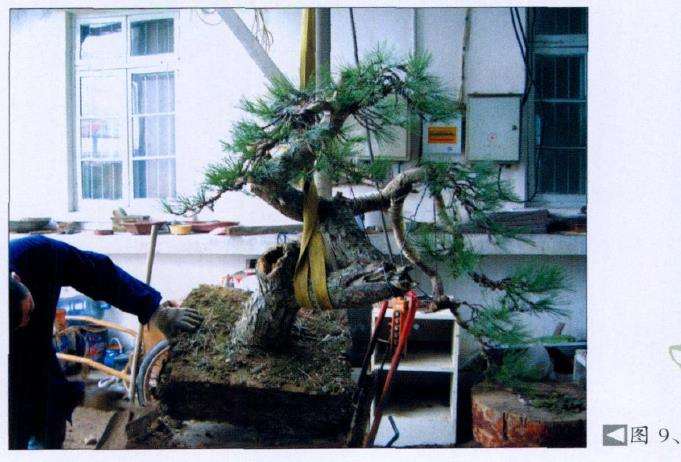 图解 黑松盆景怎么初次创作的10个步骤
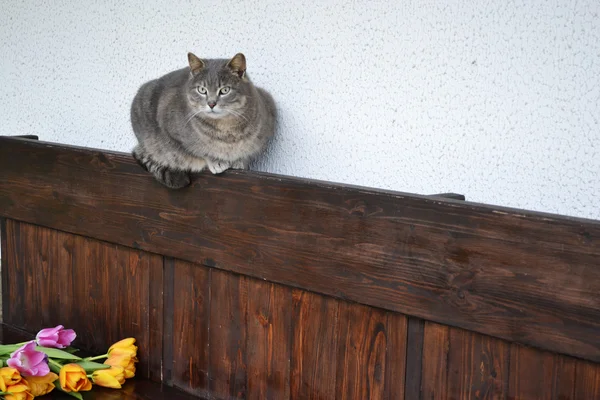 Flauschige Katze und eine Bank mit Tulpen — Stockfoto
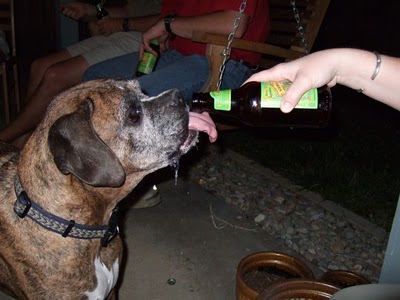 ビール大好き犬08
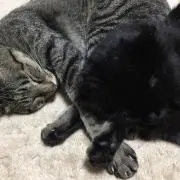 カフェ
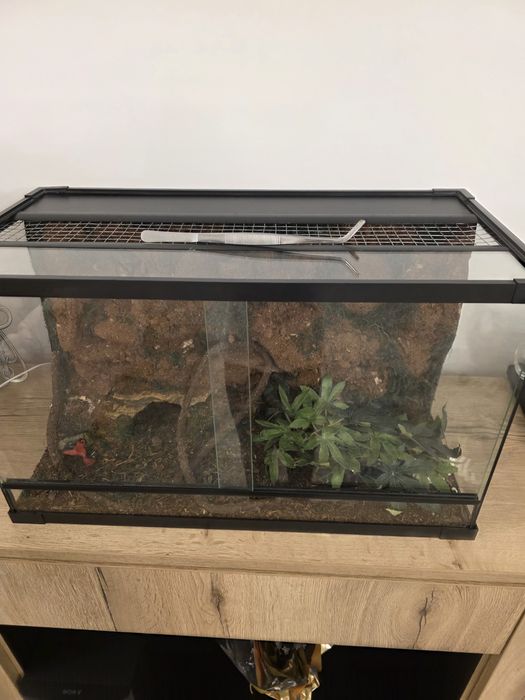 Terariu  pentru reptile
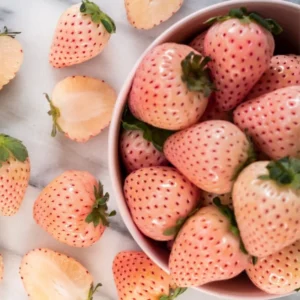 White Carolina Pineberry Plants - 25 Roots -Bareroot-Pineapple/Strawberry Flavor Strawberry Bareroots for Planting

^^^^^^^^

> _EXERCISE_
Before printing anything, remove the pictures; then print all the records exactly.

> _RESULT FOR THIS EXERCISE_
 图解 黑松盆景怎么初次创作的10个步骤
 Flauschige Katze und eine Bank mit Tulpen — Stockfoto
 ビール大好き犬08
 カフェ
 Terariu  pentru reptile
 White Carolina Pineberry Plants - 25 Roots -Bareroot-Pineapple/Strawberry Flavor Strawberry Bareroots for Planting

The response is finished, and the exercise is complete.